* WHAT IS REQUIRED *
Pictures stay out of the copy, and everything else in the data below is repeated exactly.

** COLLECTED MATERIAL follows **

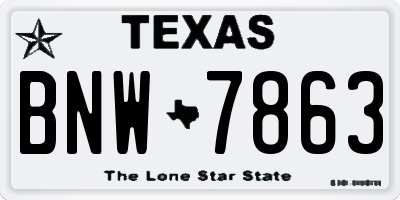 TX license plate BNW7863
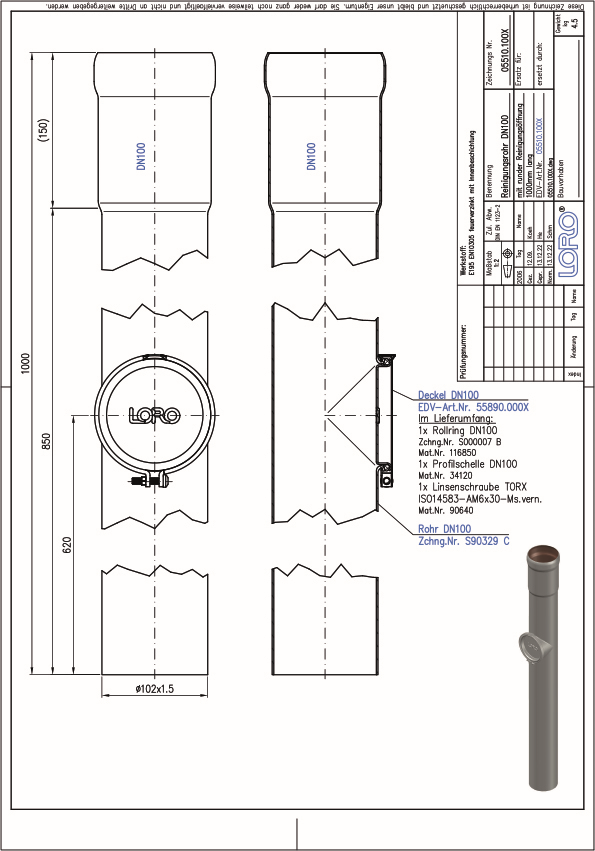 LORO LORO-X Regenstandrohr 1000 mm, DN 100, mit Reinigungsöffnung, rund, aus Stahl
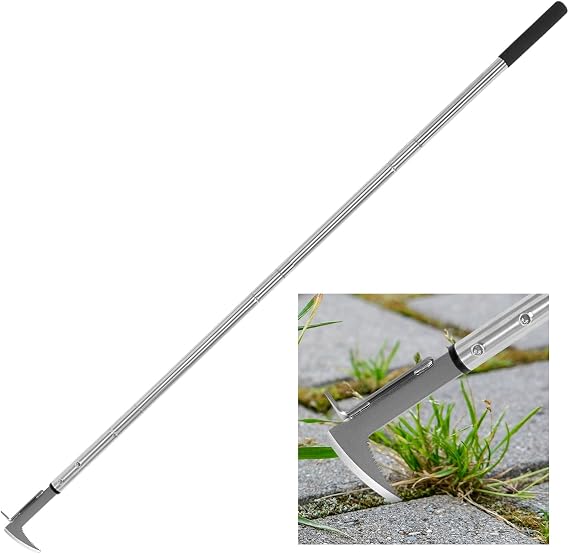 BARAYSTUS Crack Weeder, Stainless Steel Manual Crevice Weeding Tool, Long Handle Weed Grabber Remover, L-Shaped Manual Weeder Puller, Durable Crevice Weeding Tool for Sidewalk Garden Patio Lawn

** End of COLLECTED MATERIAL **

* RESPONSE FOR THIS EXERCISE *
 TX license plate BNW7863
 LORO LORO-X Regenstandrohr 1000 mm, DN 100, mit Reinigungsöffnung, rund, aus Stahl
 BARAYSTUS Crack Weeder, Stainless Steel Manual Crevice Weeding Tool, Long Handle Weed Grabber Remover, L-Shaped Manual Weeder Puller, Durable Crevice Weeding Tool for Sidewalk Garden Patio Lawn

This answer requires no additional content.